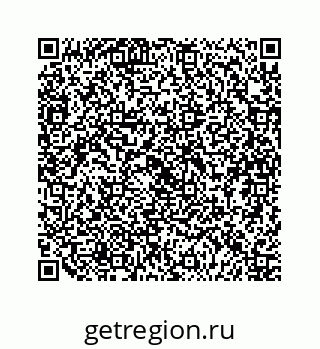 79120802692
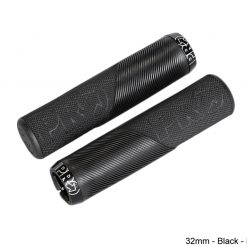 PRO Lock On Trail Grips -Deals Bar Tape & Grips Store 63728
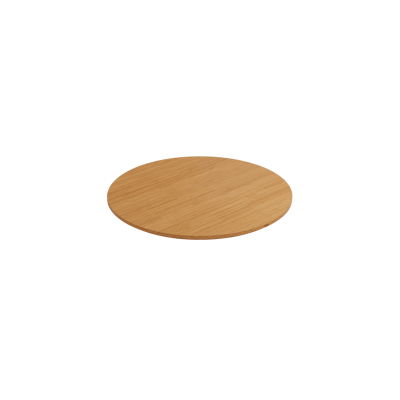 BOWL 57 Auflagebrett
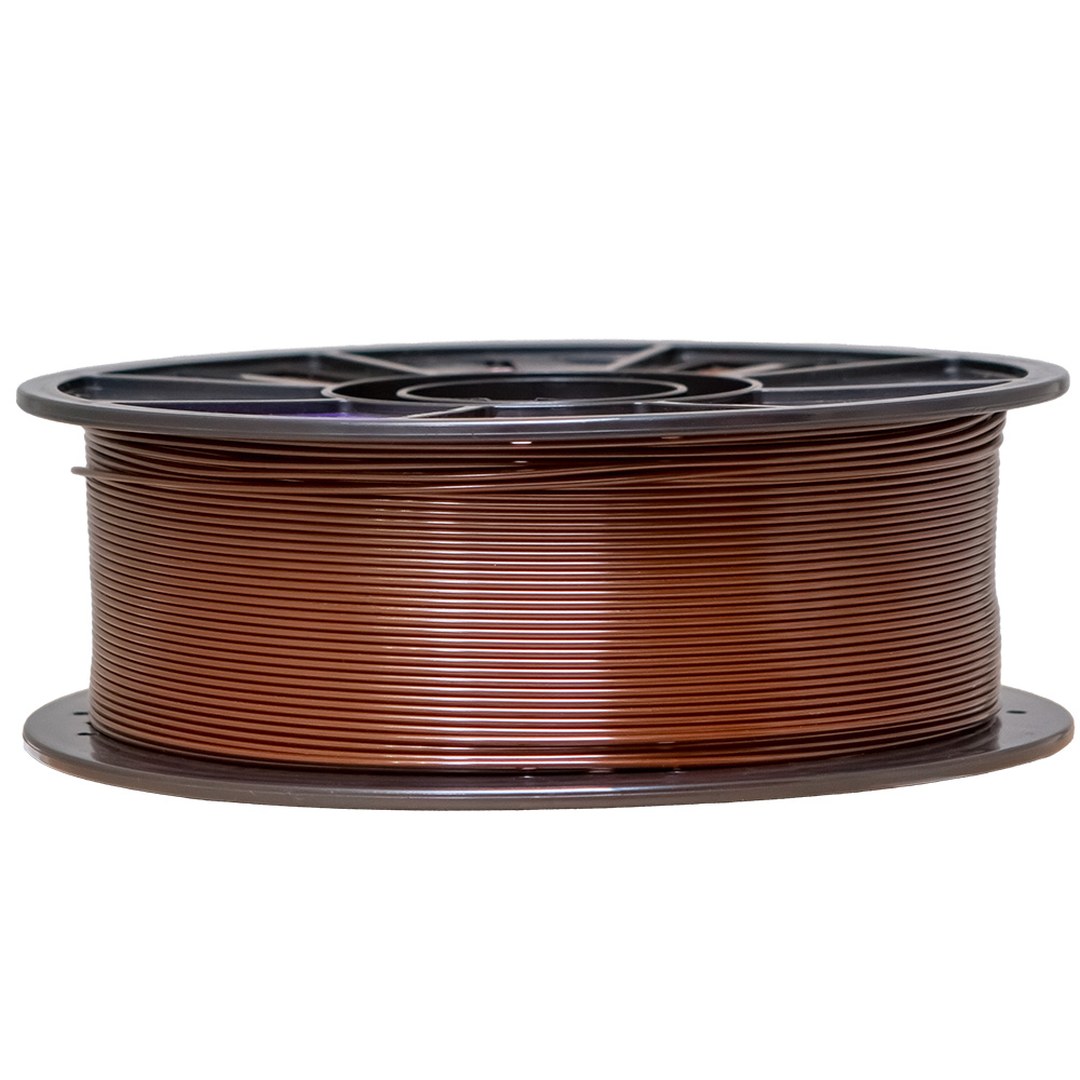 Voolt - PETG HT - Marrom
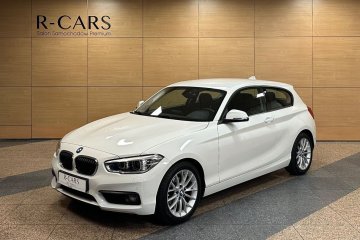 Salon Polska ASO R-CARS Warszawa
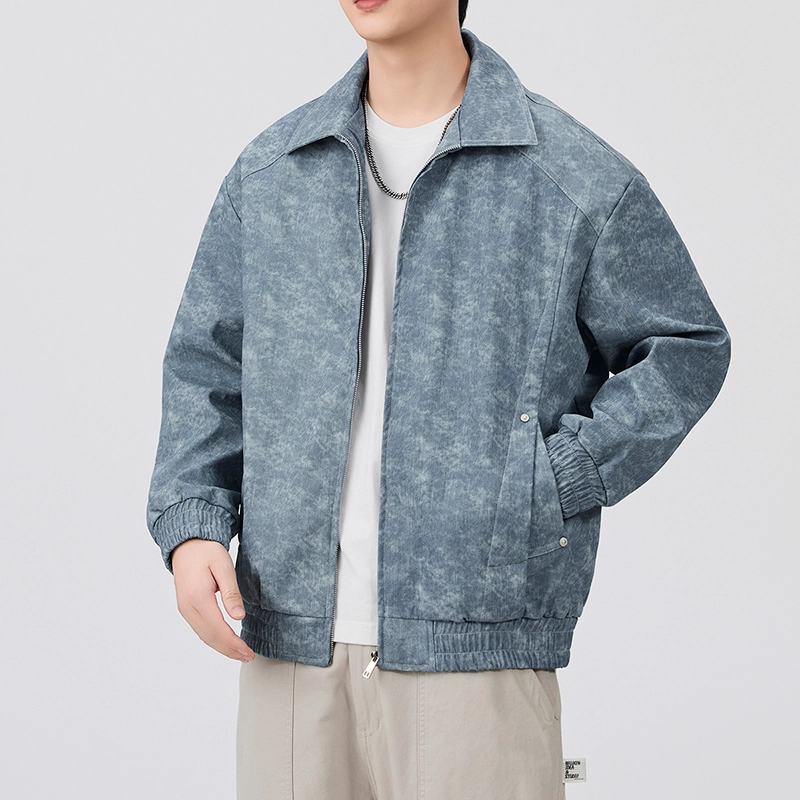 JXAETE cleanfit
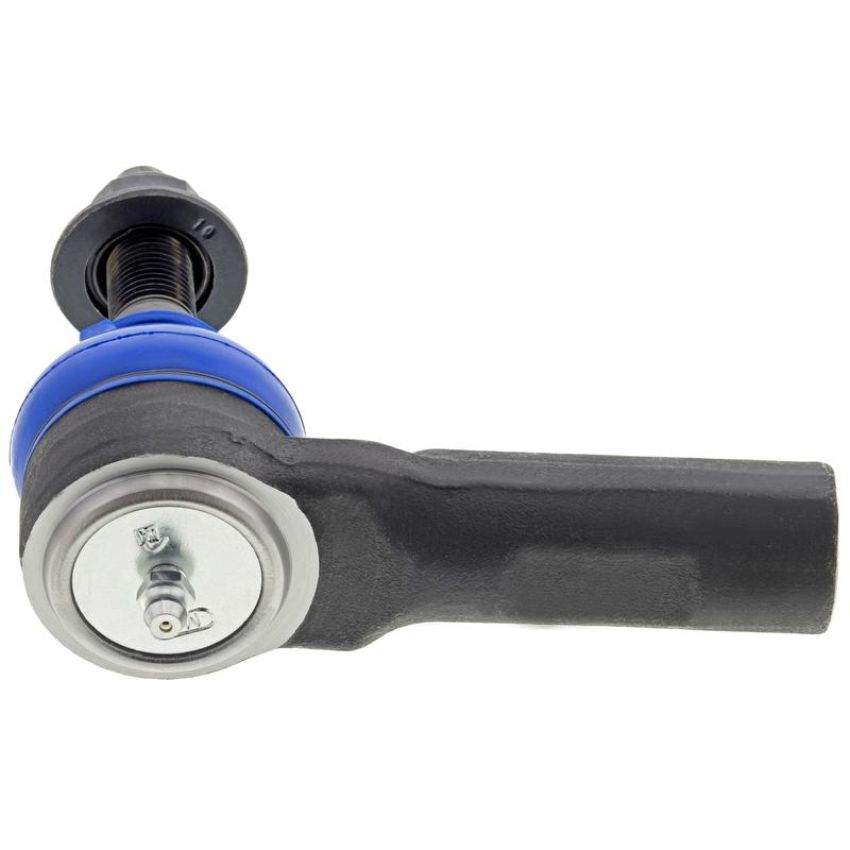 MEVOTECH MS25649 Steering Tie Rod End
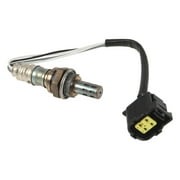 NTK OE Connector Oxygen Sensor, OE Type Fits select: 2003 CHRYSLER PT CRUISER, 2003-2005 DODGE NEON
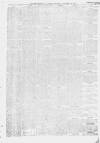Huddersfield and Holmfirth Examiner Saturday 24 October 1874 Page 3
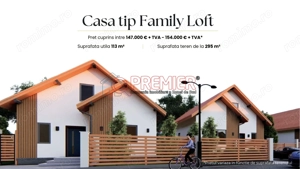 Pantelimon - vanzare vila deosebita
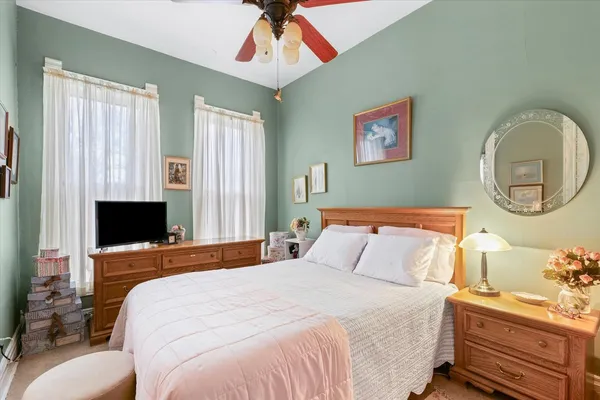 $59,000 | 101 South Vermilion Street, Indianola, IL 61850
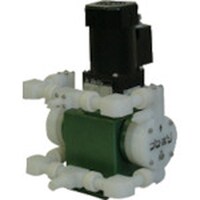 �����@�I�@�j�t�j�@��������ʒ����|���v�@�t�o�d���@�Q�O�O�i�u�j�@�X�O�i�v�j�@�����^�@�`�b�e�Q�T�O�u�@�P��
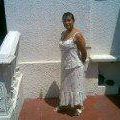 Celene Vargas Photo 9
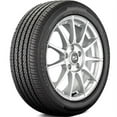 2 Firestone FT140 P 205/65R16 94H All Season Traction Touring Passenger ...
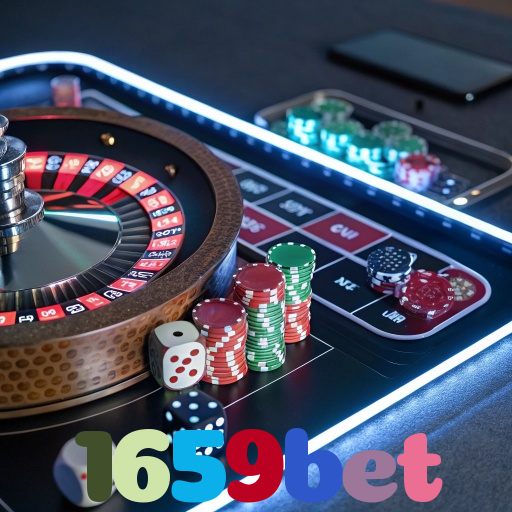 1659bet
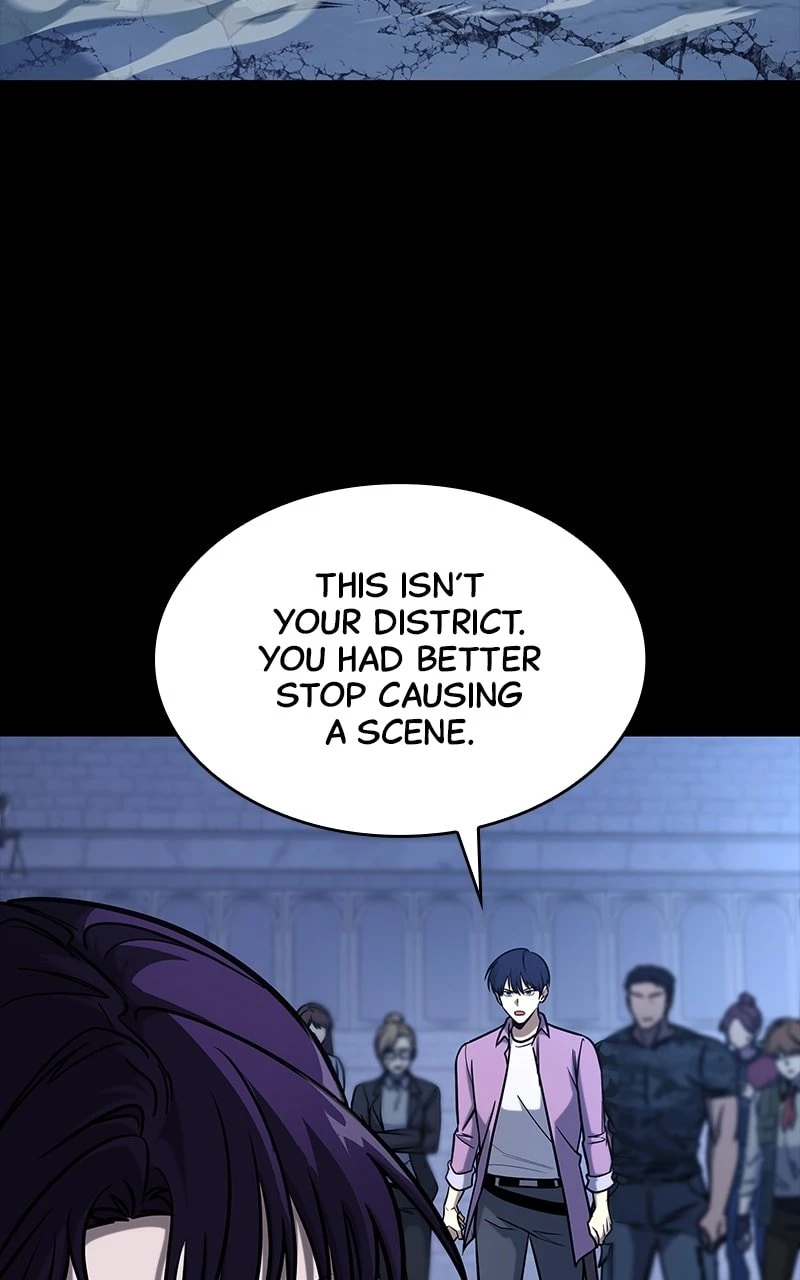 My Very Own Tower Strategy Guide Chap 16 - Next Chap 17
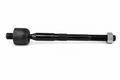 Bras de Direction MG ZS - 10353671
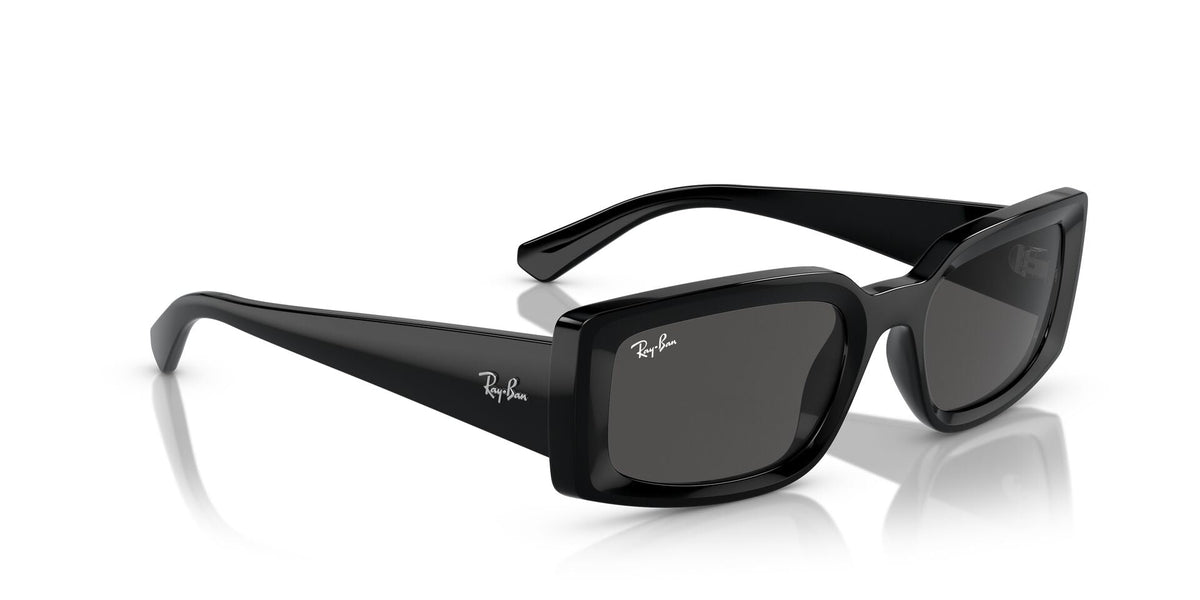 Ray-Ban Kiliane RB4395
---*---
[What to work on]: Skip every picture and return the lines above from the top through the one that contains "Pantelimon - vanzare vila deosebita".

[Result of this exercise]:
 79120802692
 PRO Lock On Trail Grips -Deals Bar Tape & Grips Store 63728
 BOWL 57 Auflagebrett
 Voolt - PETG HT - Marrom
 Salon Polska ASO R-CARS Warszawa
 JXAETE cleanfit
 MEVOTECH MS25649 Steering Tie Rod End
 NTK OE Connector Oxygen Sensor, OE Type Fits select: 2003 CHRYSLER PT CRUISER, 2003-2005 DODGE NEON
Huddersfield and Holmfirth Examiner Saturday 24 October 1874 Page 3
 Pantelimon - vanzare vila deosebita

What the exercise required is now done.